▸ **TASK DETAILS**: From the line that contains "Tiny Terracotta Pet" through the end of the records below, write out each line exactly as it appears, but not the pictures.

▸ **EXTRACTED INFORMATION**:
◆ ◆ ◆ ◆ ◆

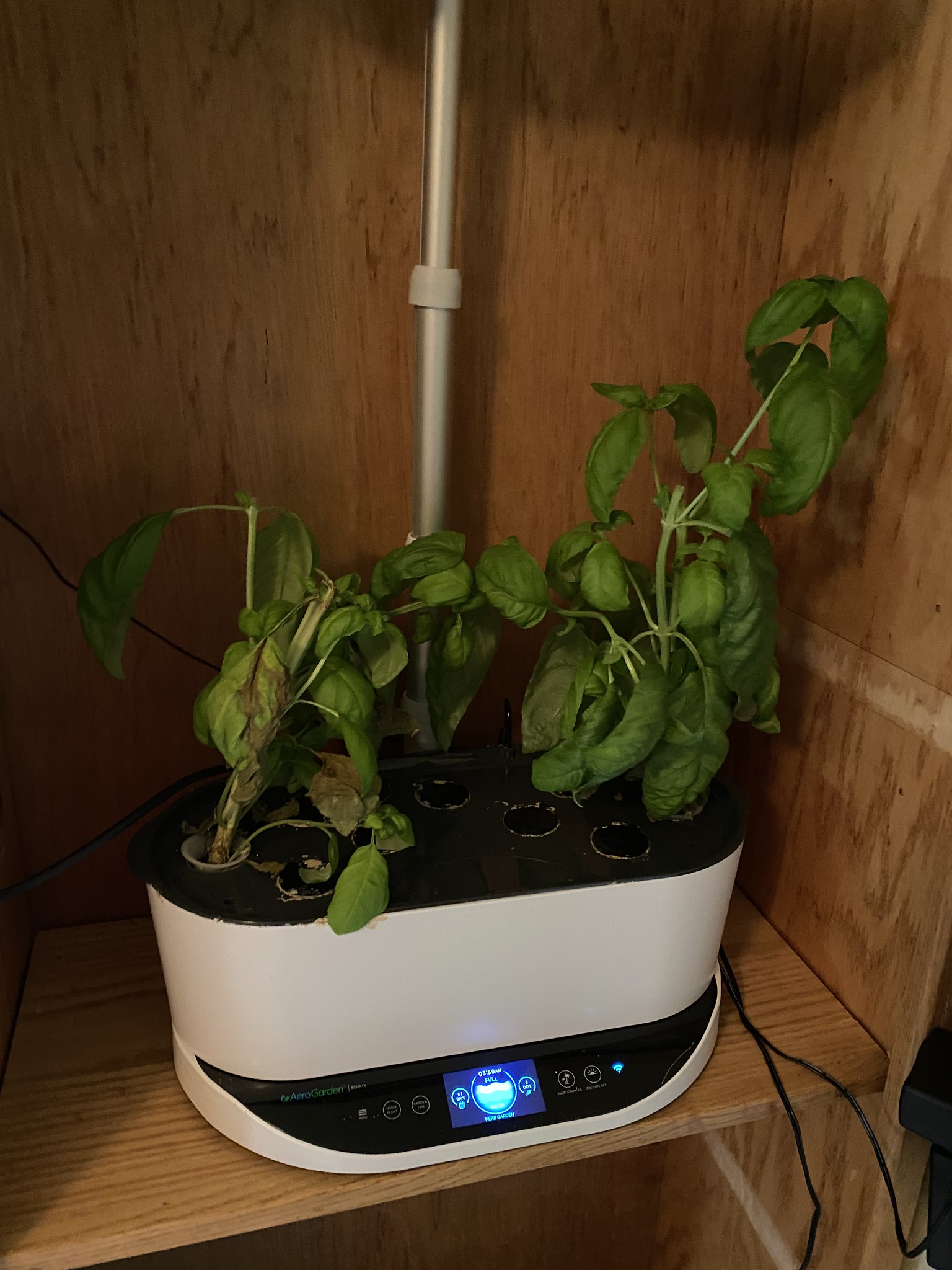 Update #9: BASIL!!!! I finally chopped down the trees!! Going to clean them up a little now, have some dead leaves around t…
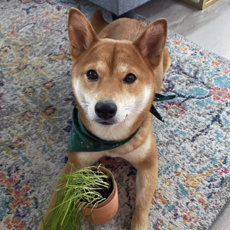 Tiny Terracotta Pet Grow Kits- Good Dog Greens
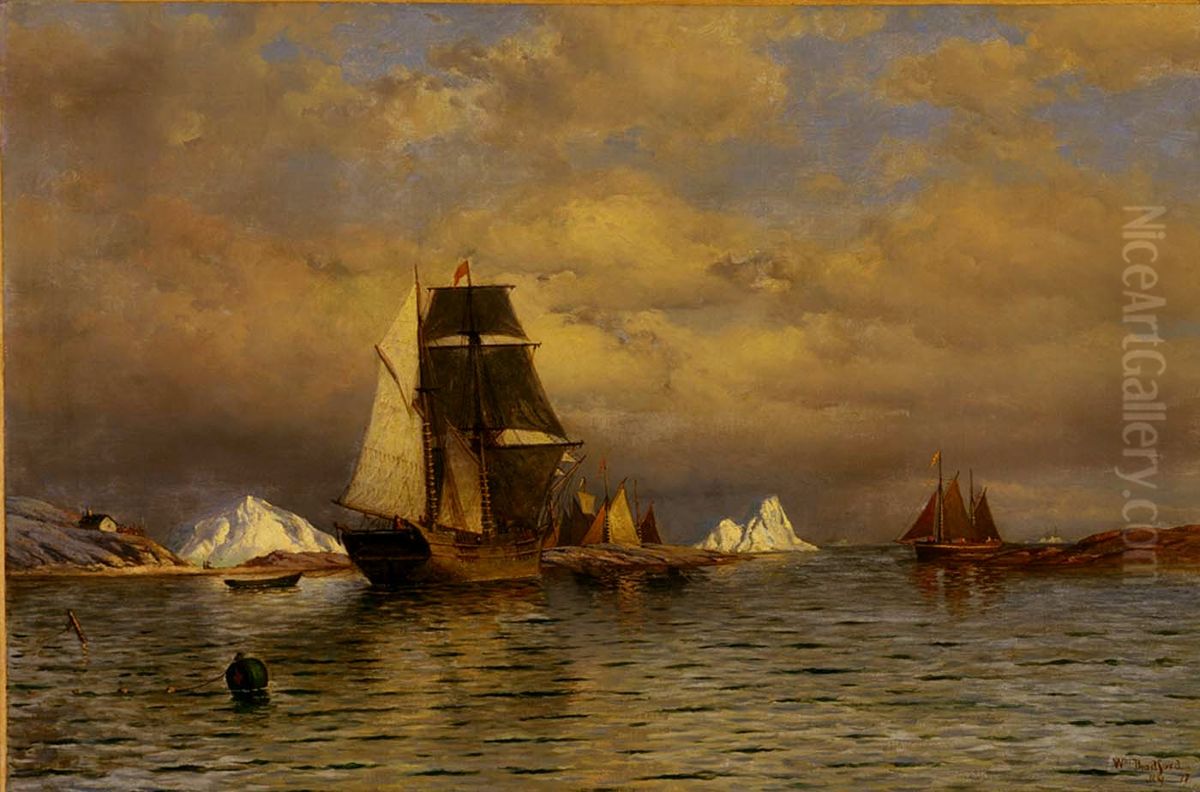 Looking out of Battle Harbor Oil Painting by William Bradford
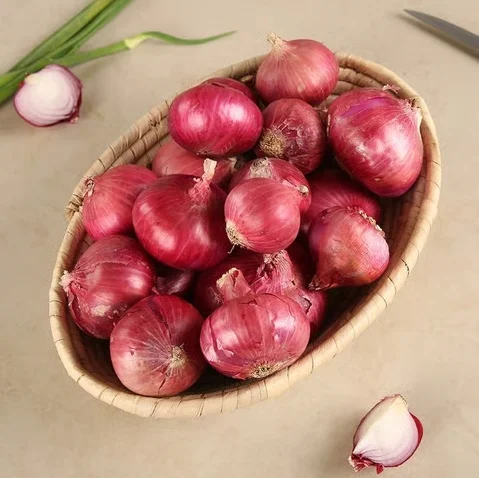 Onion (Pyaz )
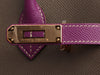 Hermès SO Etain and Anemone Epsom Birkin 30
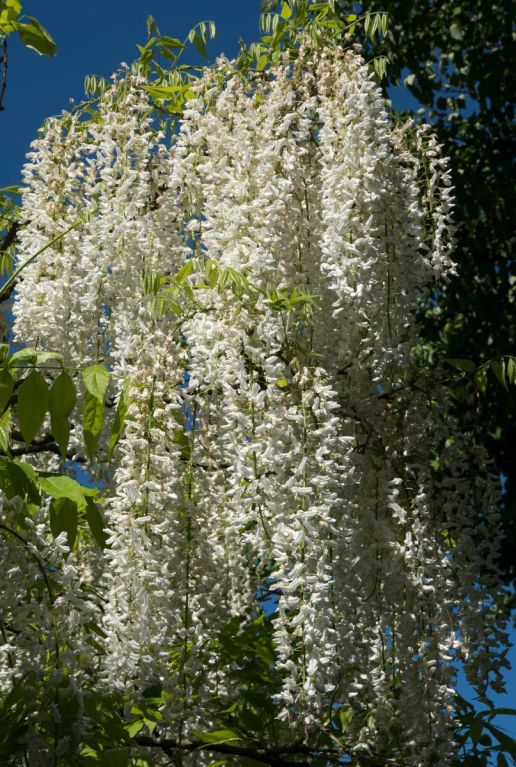 Wisteria alba plante de jardin p14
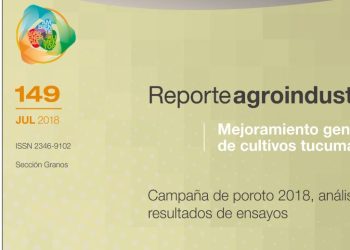 Campaña de poroto 2018, análisis y resultados de ensayos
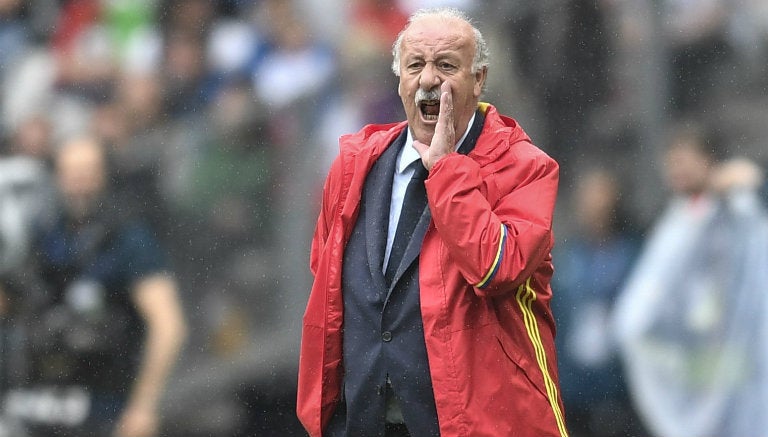 Vicente del Bosque da indicaciones en partido de España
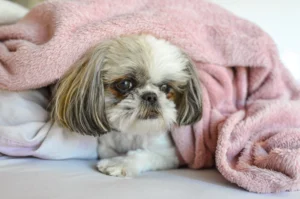 Shih Tzu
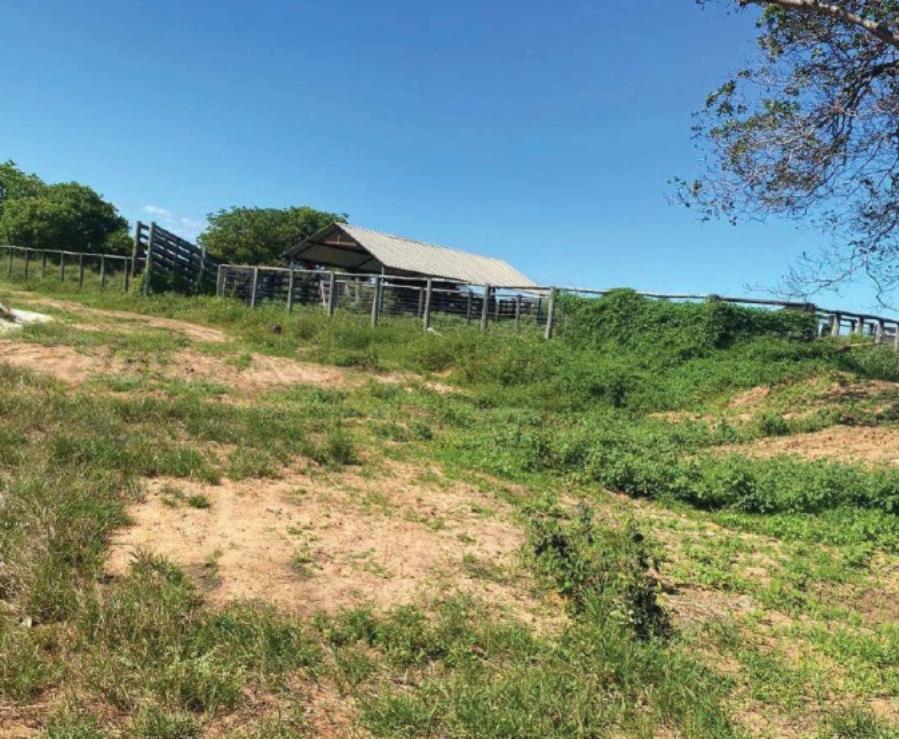 Lote 4 - Rio dos Bois - TO - zona rural - Fazenda Imóveis Rurais e Comerciais - SICOOB UniCentro Br - E458, localizado em Rio Dos Bois - TO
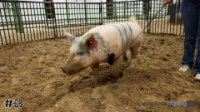 Hog #3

◆ ◆ ◆ ◆ ◆

▸ **EXPECTED ANSWER**:
 Tiny Terracotta Pet Grow Kits- Good Dog Greens
 Looking out of Battle Harbor Oil Painting by William Bradford
 Onion (Pyaz )
 Hermès SO Etain and Anemone Epsom Birkin 30
 Wisteria alba plante de jardin p14
 Campaña de poroto 2018, análisis y resultados de ensayos
 Vicente del Bosque da indicaciones en partido de España
 Shih Tzu
 Lote 4 - Rio dos Bois - TO - zona rural - Fazenda Imóveis Rurais e Comerciais - SICOOB UniCentro Br - E458, localizado em Rio Dos Bois - TO
 Hog #3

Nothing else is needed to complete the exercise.